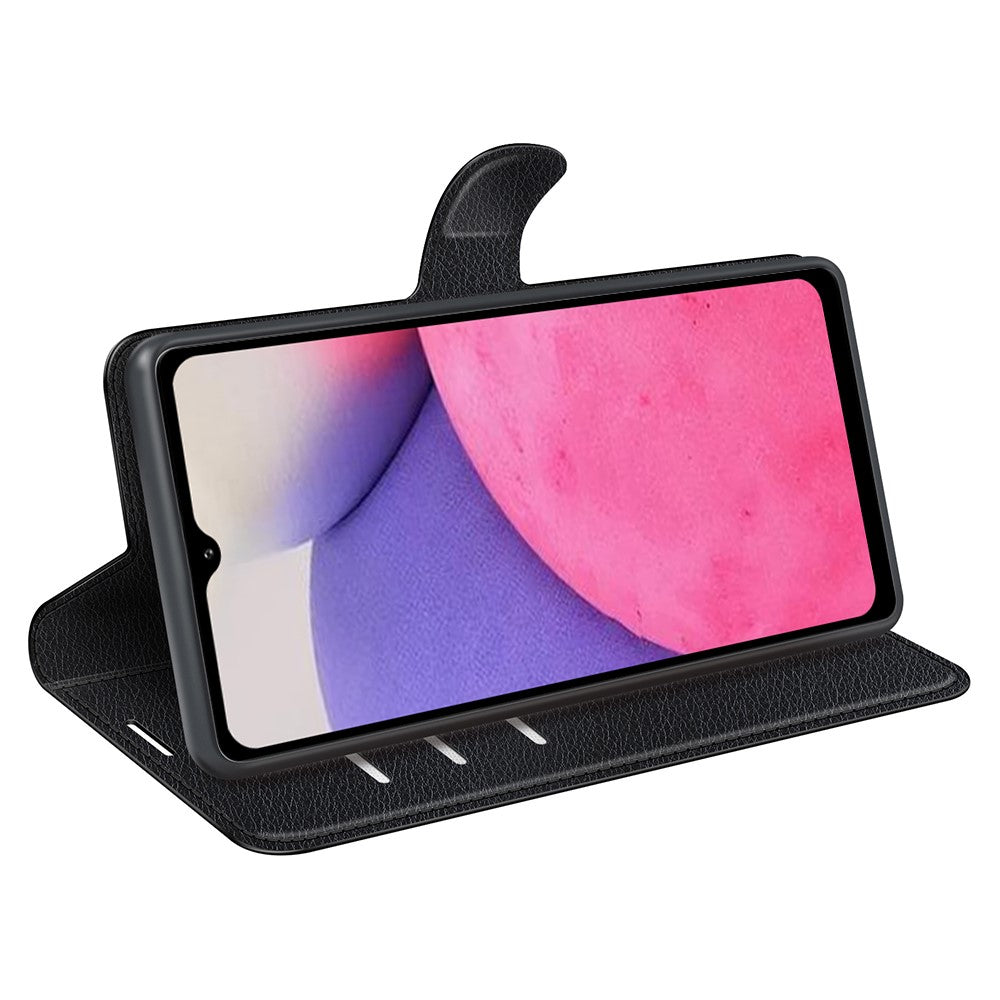 For Samsung Galaxy A33 5G Litchi Texture PU Leather Flip Stand Case Wallet Style Magnetic Clasp Protective Phone Cover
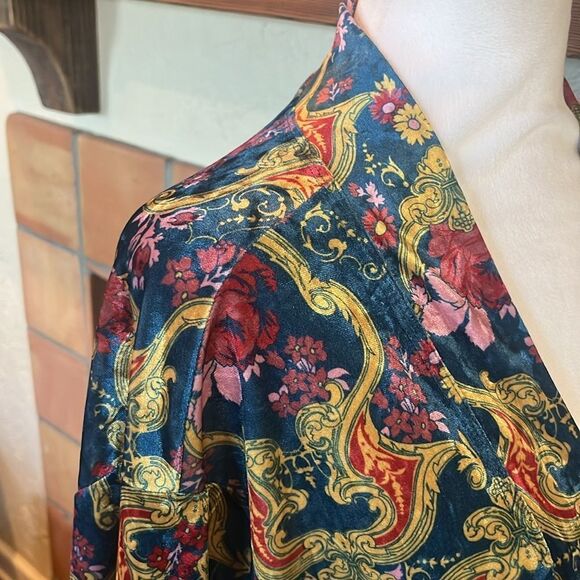 ModCloth Velvet Floral Longline Duster, size L/XL - Picture 4 of 12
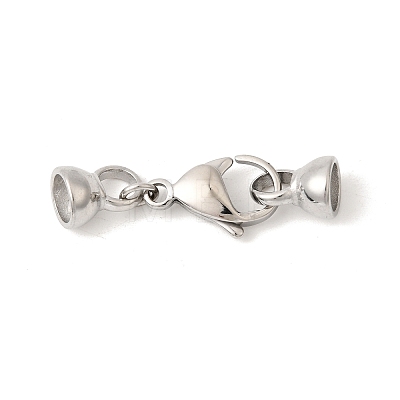304 Stainless Steel Lobster Claw Clasps and Cord End STAS-B128-08P-02-1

================================

#### Required action:
Pictures in the data above should not be copied; transcribe everything else exactly.

#### Answer section:
 For Samsung Galaxy A33 5G Litchi Texture PU Leather Flip Stand Case Wallet Style Magnetic Clasp Protective Phone Cover
 ModCloth Velvet Floral Longline Duster, size L/XL - Picture 4 of 12
304 Stainless Steel Lobster Claw Clasps and Cord End STAS-B128-08P-02-1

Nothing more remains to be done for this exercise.